Complex Event Processing (CEP) is a – surprise – complex topic, and this post is not about that. What it is about is one possible way one could integrate a popular open source CEP engine – Esper – into an Akka system of actors. This seemed like a natural fit somehow and I wanted to explore it. My first thought was to integrate Esper as an actor itself, but then it occurred to me that Esper could also easily be thought of as an Event bus, where events entering the bus are internally routed into the CEP engine, and actors subscribing to the bus will receive the events coming out of it as a result of the firing rules in the CEP engine reacting to the input events. This post explores how this can be accomplished.

A good explanation of using an Akka Event bus can be found on Kotan Code. Please read that first before continuing, you’ll need to understand it since the rest of this blog builds on it and I did not feel the need to repeat the basics here.

Before explaining how the integration was accomplished, let’s see how we use the result.

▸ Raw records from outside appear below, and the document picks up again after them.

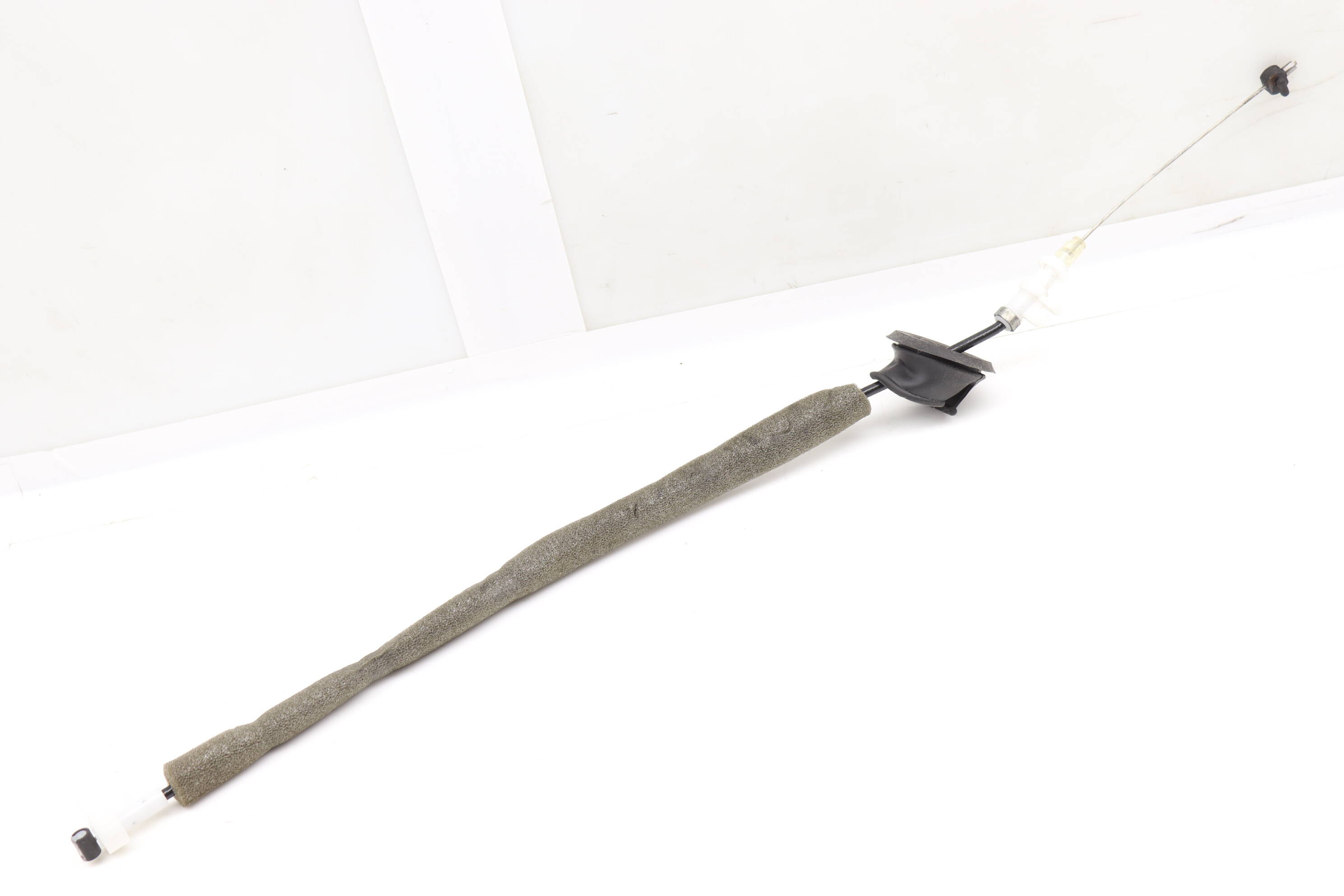 Interior Door Handle Release / Bowden Cable 4G8837085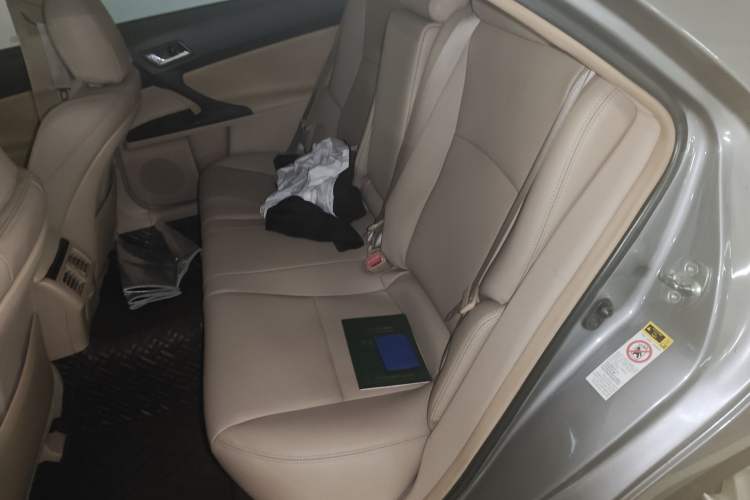 Used Toyota Reiz 2010 2.5S Fashion Elite Edition Interior 4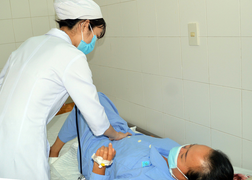 Người phụ nữ có huyết tương trắng đục như sữa 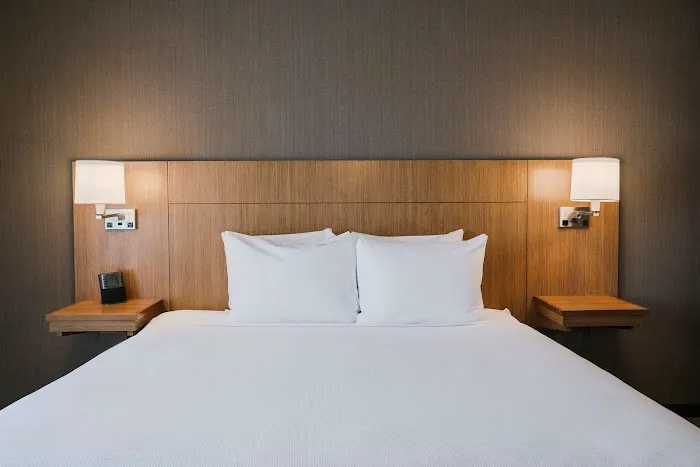 Hyatt Place Buffalo/Amherst 3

The following code creates an esper event bus with one simple rule that generates Buy orders at the latest price if the average of the last 4 prices is larger than the oldest of those 4 prices

(all the code for this post is of course available on github)

case class Price(@BeanProperty symbol: String, @BeanProperty price: Double)
case class Buy(@BeanProperty symbol: String, @BeanProperty price: Double, @BeanProperty amount: Long)
case class Sell(@BeanProperty symbol: String, @BeanProperty price: Double, @BeanProperty amount: Long)

class EsperEventBusExample extends ActorEventBus with EsperClassification {

  type EsperEvents = union[Price] #or [Sell] #or [Buy]

  // you need to register all types BEFORE adding any statements or publishing any events
  registerEventType("Price", classOf[Price])
  registerEventType("Buy", classOf[Buy])
  registerEventType("Sell", classOf[Buy])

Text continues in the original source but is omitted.